American Soil

Tomory Dodge · Angelina Gualdoni · Brad Kahlhamer · Nicola Lopez · Frank Magnotta · Lisa Sanditz


The inaugural exhibition for the first floor galleries, American Soil unites six artists (Tomory Dodge, Angelina Gualdoni, Brad Kahlhamer, Nicola Lopez, Frank Magnotta, and Lisa Sanditz) whose works are informed by the landscape of America – be it rural, suburban, or urban. They address failed utopias, obsession with real estate development, rampant technology, and architecture seemingly at odds with its environment or intended purpose.

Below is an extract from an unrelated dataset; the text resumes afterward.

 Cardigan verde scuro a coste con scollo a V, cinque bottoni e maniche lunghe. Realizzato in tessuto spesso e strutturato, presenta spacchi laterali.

Los Angeles artist Tomory Dodge’s lush paintings often portray an American landscape in violent disarray and upheaval. It is a landscape of abandonment and decay. Likewise, Angelina Gualdoni’s works are often inspired by out-of-business shopping malls and the abandoned theme parks that increasingly populate the American landscape. Her deteriorating, neglected buildings suggest the transience of life and indignities of old age. Gualdoni was born in San Francisco and raised in St. Louis, and is now based out of Chicago and New York.

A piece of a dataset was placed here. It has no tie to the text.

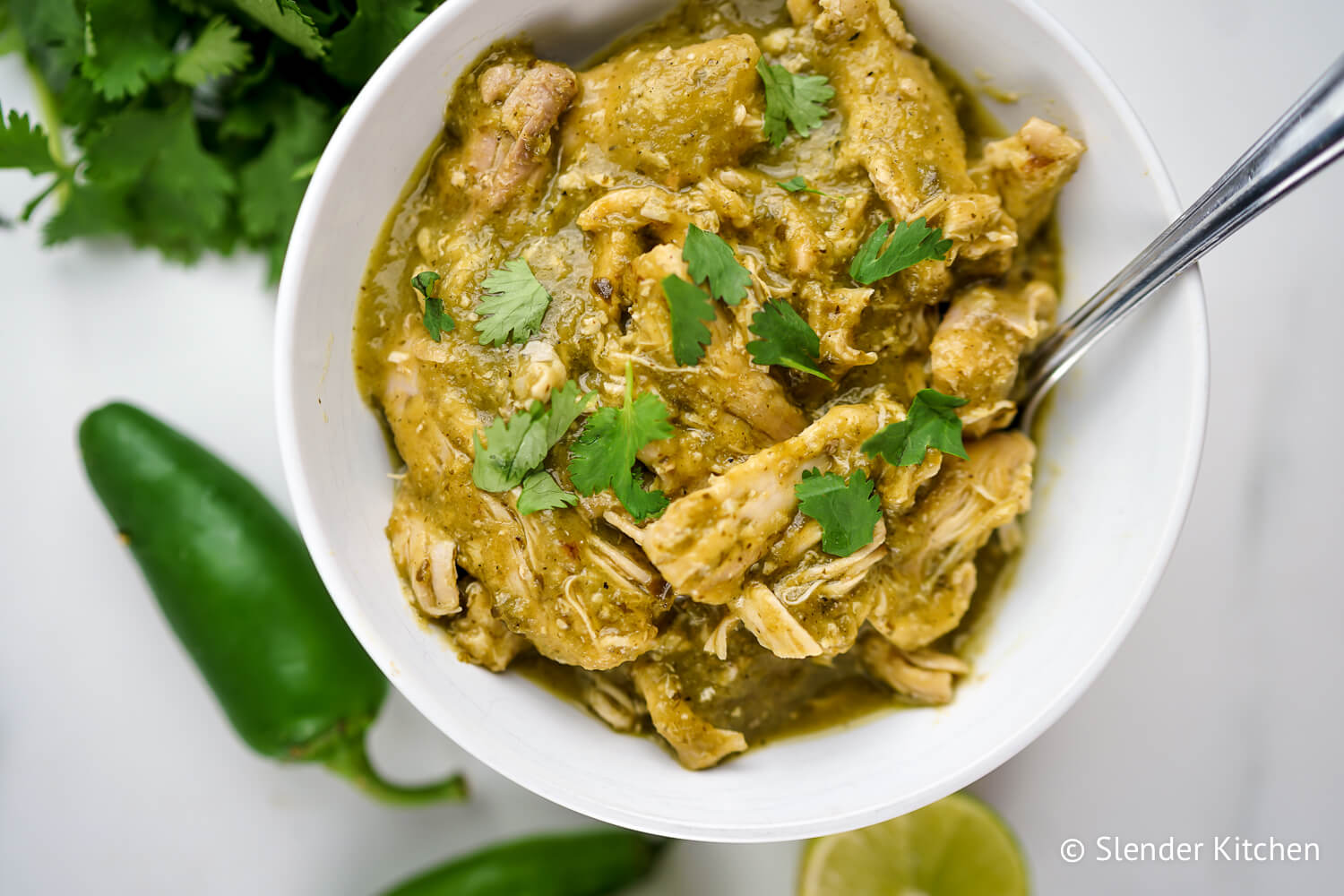 Slow Cooker Chile Verde in a bowl with cilantro and tortillas.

Nicola Lopez’s installations and works on paper depict images of cityscapes and structures which seem on the verge of breakdown. In them, Lopez questions our culture’s insistence upon growth and glorification of technology. Now working in Brooklyn, New York, Lopez was born in Santa Fe, New Mexico.

New York-based Frank Magnotta creates large scale, meticulous graphite drawings which comment upon the relentless cycles of real estate development of the past fifty years. His scenes suggest an environment (both at work and home) which has become increasingly outlandish, strange, and even threatening.

Lisa Sanditz’s recent paintings explore the concept of casino development, and the role it plays in the social and geographical landscape of America. As Sanditz states, “I’m interested in something that’s teetering on being very seductive but very repellent at the same time. As a culture, we are obsessed with land and property rights and real estate.” Sanditz is from St. Louis and is now working in Tivoli, New York.

Brad Kahlhamer’s visionary landscapes reflect his experiences in the American West and New York City, his current home. His sprawling Community Board is a veritable travelogue of his journeys across America, replete with references to his Native American heritage. His works on paper are teeming with references to music, desert wildlife, and rural and urban communities.

These artists offer insight and commentary on the current American terrain – a terrain fraught with tensions over environmental concerns, commercial architecture gone awry, aging developments and communities, and an increasingly surreal and homogenized landscape.